Un atelier, organisé la semaine dernière dans le cadre des «16 Jours d’activisme» contre la violence basée sur le genre, a permis de questionner —à travers l’apport des disciplines de la psychologie et des sciences humaines et sociales, ainsi qu’à travers une analyse et une lecture critique des stratégies et approches adoptées pour lutter contre la violence à l’égard des femmes— les rapports de pouvoir et de domination au sein du couple.
Dans le cadre de la campagne des «16 Jours d’activisme» contre la violence basée sur le genre, le ministère de la Femme, de la Famille, de l’Enfance et des Personnes âgées a organisé, en collaboration avec le Fonds des Nations unies pour la population et le Centre international de développement pour la gouvernance locale, un séminaire national intitulé «Vers une approche critique pour lutter contre la violence à l’égard des femmes».
Cette rencontre a réuni plusieurs chercheurs dans le domaine de la sociologie et des sciences humaines, ainsi que des acteurs de la société civile afin de réfléchir sur la complexité du phénomène de la violence à l’égard des femmes et la manière avec laquelle on traite cette problématique dans les instances institutionnelles qui prennent en charge les femmes victimes de violence.
Lors de ce séminaire, plusieurs intervenants ont mis l’accent sur ce phénomène qui gagne de plus en plus de l’ampleur de nos jours, telle l’intervention de la sociologue Dorra Mahfouth, qui s’est penchée sur le thème de «La violence à l’égard des femmes ; concepts et approches sociologiques et féministes». La professeure en sociologie a apporté un éclairage sociologique sur les situations d’inégalité entre les genres, mais aussi au sein du couple… «La violence au sein du couple est un phénomène interpersonnel et non pas social», note-t-elle.

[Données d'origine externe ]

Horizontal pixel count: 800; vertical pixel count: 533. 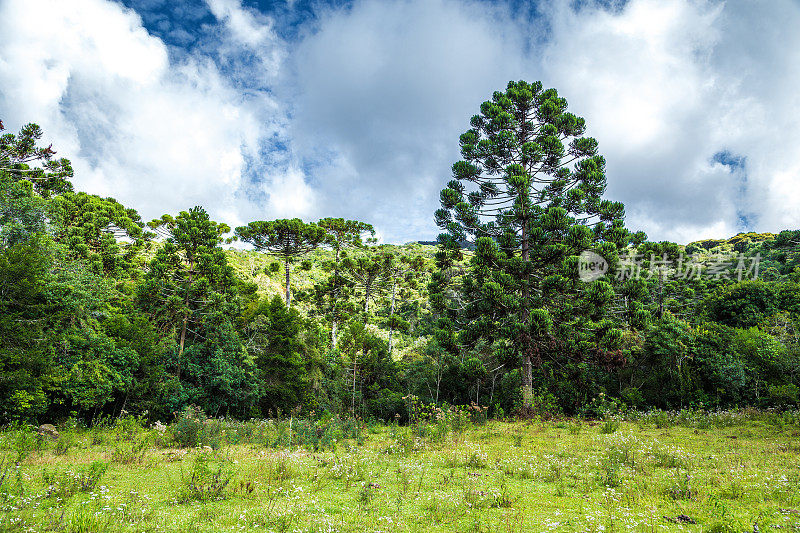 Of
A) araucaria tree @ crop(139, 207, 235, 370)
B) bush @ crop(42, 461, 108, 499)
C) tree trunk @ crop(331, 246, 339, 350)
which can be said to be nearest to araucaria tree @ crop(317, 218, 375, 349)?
tree trunk @ crop(331, 246, 339, 350)

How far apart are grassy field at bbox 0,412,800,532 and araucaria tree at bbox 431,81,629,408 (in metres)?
5.84

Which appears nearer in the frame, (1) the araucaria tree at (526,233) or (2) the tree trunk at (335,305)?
(1) the araucaria tree at (526,233)

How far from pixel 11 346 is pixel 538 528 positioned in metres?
18.2

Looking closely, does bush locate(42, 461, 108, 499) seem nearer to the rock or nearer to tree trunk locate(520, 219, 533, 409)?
the rock

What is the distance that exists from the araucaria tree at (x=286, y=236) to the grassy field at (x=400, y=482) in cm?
1924

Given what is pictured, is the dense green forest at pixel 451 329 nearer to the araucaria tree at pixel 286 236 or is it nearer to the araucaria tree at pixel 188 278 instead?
the araucaria tree at pixel 188 278

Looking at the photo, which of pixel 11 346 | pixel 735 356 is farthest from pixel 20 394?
pixel 735 356

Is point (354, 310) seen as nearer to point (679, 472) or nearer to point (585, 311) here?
→ point (585, 311)

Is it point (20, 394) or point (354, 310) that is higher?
point (354, 310)

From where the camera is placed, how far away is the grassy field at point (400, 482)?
4.83 metres

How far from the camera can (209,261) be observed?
21125 mm

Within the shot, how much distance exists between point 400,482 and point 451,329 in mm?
11360
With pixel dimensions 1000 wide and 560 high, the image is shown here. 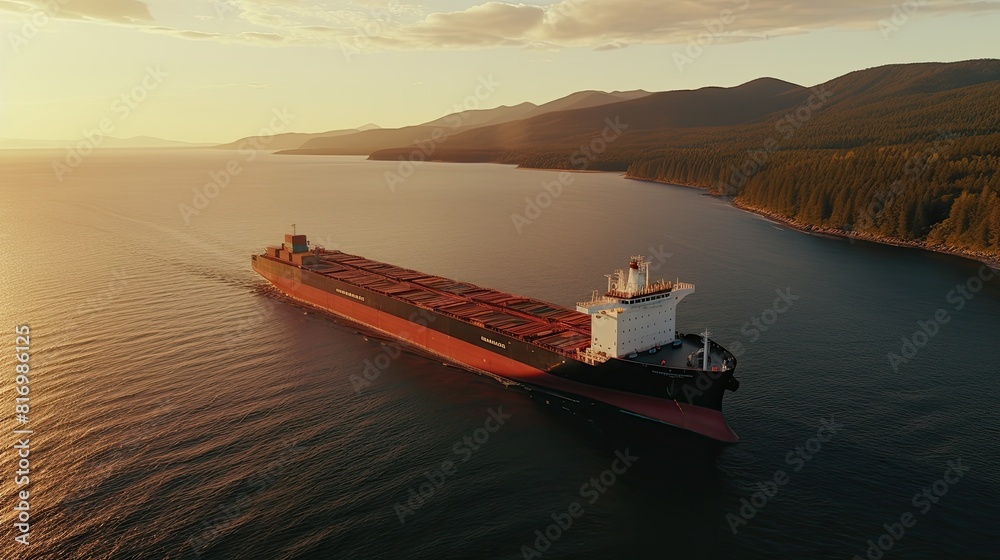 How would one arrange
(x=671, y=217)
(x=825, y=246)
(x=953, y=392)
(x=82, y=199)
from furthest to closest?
(x=82, y=199) < (x=671, y=217) < (x=825, y=246) < (x=953, y=392)

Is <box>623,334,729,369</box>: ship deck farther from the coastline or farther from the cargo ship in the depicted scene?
the coastline

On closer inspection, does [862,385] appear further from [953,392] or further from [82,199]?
[82,199]

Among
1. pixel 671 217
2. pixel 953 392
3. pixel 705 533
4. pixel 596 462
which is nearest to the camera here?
pixel 705 533

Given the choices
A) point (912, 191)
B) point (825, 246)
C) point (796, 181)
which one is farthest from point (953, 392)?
point (796, 181)

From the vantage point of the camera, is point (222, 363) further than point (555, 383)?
Yes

Relations de domination et de pouvoir
Et de renchérir : «Dans les années 70, il y a des recherches qui ont montré qu’il y a plus de femmes victimes de violence et que cet état de fait est, par conséquent, lié au genre. Les statistiques dans des pays, comme le Canada ou la Suisse, révèlent que le phénomène des femmes battues a pris de l’ampleur. Dans les enquêtes réalisées, une confusion est faite entre les différentes formes de violences. Dès lors que la violence verbale et psychologique à l’encontre des femmes est prise en compte dans les études, les statistiques sur le nombre de femmes victimes de violence vont systématiquement augmenter. En 2018, 30% de femmes et 27% des hommes ont déclaré avoir subi au moins une fois une violence dans leur vie. Il faut multiplier les approches afin de limiter ce phénomène», explique-t-elle.
La sociologue a appelé à réfléchir et s’interroger sur les différentes formes de violence à l’encontre des femmes : familiale, domestique… En mettant l’accent sur leur évolution, ainsi que les enjeux sociaux et politiques qui en découlent. Elle a également présenté les facteurs qui déterminent et légitiment la violence et le rôle qu’ils jouent dans les normes et les règles tacites qui régissent la dynamique du couple.
Violence versus empathie
Quant à l’intervention de Soumaya Belhadj, intitulée «Empathie versus violence, éclairage dans la psychologie», elle s’est penchée sur une analyse de cette discipline qui permet, à travers des recherches, de comprendre la notion de violence. «La neuropsychologie est une discipline qui s’intéresse aux liens existants entre le comportement et le cerveau, ce qui va nous éclairer sur les mécanismes sous-jacents de la violence. La violence revêt différentes formes : elle peut être sexuelle, physique, économique… Il existe deux catégories de violence : la violence impulsive, et celle prédatrice. Pour la première, il s’agit essentiellement de difficultés au niveau des capacités de tout comprendre qui vont se manifester à travers des passages à l’acte. S’agissant de la violence prédatrice, il n’y a pas vraiment de passage à l’acte et même les mécanismes sous-jacents sont différents», explique Soumaya Belhadj.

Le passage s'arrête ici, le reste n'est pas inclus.